During its lengthy existence it more and more frequently let Caesar triumph. Through it the Roman emperor conquered Christ, not in the circus arena, not in the catacombs, but at the very moment when he recognized the Heavenly King: at that very moment the subversion of Christ’s commandments by the commandments of the secular State began. One can acquire synodal piety through one’s education, through habit and custom, but in no way can one acquire it through a desire to follow in the footsteps of Christ. From a historical point of view this orderly system had already begun to show cracks by the end of the nineteenth century. Suddenly a guest appeared in the Church, and not an entirely welcome one: the Russian intelligentsia. We shall speak more about his role later, but at first this role was only shallowly rooted in the Church’s life. It was more a phenomenon on the fringes of the Church.
Everything changed decisively from the moment of the February  revolution and, in the Church, these changes were reflected in the All-Russian Church Council [of 1917-18] and the restoration of the Patriarchate.
However important these changes were to the Church’s historic way of life, they could not, of course, suddenly change people’s psychology and refashion the temper of their souls. Because of this the emigration brought with it into foreign lands memories of the Russian Church’s Synodal Period, its way of life, its art, its clergy, its understanding of the Church’s role and significance in the overall patriotic scheme. It is very likely that even now the synodal type of piety predominates. This is easy to demonstrate if we bear in mind that the whole of the Karlovci group [endnote: The group of bishops, priests and faithful, based in Karlovci, Serbia, who after 1921 declared themselves administratively independent of St. Tikhon, the Patriarch of Moscow. They went on to form the Russian Orthodox Church Outside of Russia.] in our Church lives precisely in accordance with this ideology, uniting Church and State, preserving the old traditions, not wanting to take cognizance of the new conditions of life and continuing to preach Caesaro-papism. Not everyone who belonged to the synodal psychology was attracted exclusively to that special group.
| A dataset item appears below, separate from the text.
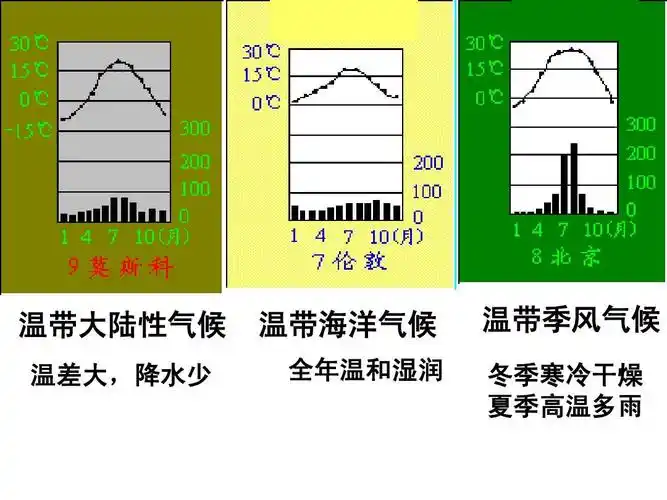 温带大陆性气候 温差大,降水少 温带海洋气候 全年温和湿润 温带季风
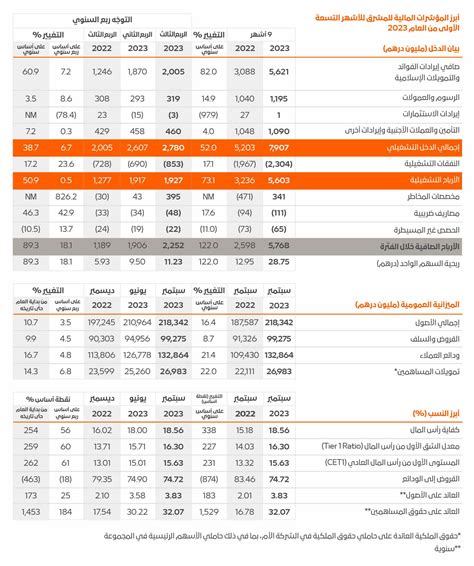 ارتفاع صافي أرباح المشرق بنسبة 122 لتصل إلى 58 مليار درهم إماراتي في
Everywhere, in spacious cathedrals and in provincial makeshift churches, we can find people who confess their membership in the Orthodox Church and along with this, believe that the Church is simply a necessary attribute of Russian sovereignty.
It is difficult to have two views on whether this psychology has any correlation with the current problems of the Church’s life. In the first place, life today demands creative efforts from us so urgently that no grouping which lacks a creative agenda can expect to succeed. Moreover, there is no doubt but that on the historical plane the Synodal period has come to an end with no possibility of return; there is no basis for assuming that the psychology which it engendered can survive it for long. In this sense it is not important how we assess such a religious type. Only one thing is important: without a doubt it is dying and has no future. The future challenges the Church with such complex, new and crucial problems that it is difficult to say off hand to which religious type it will give the possibility to prove itself and reveal itself in a creative manner.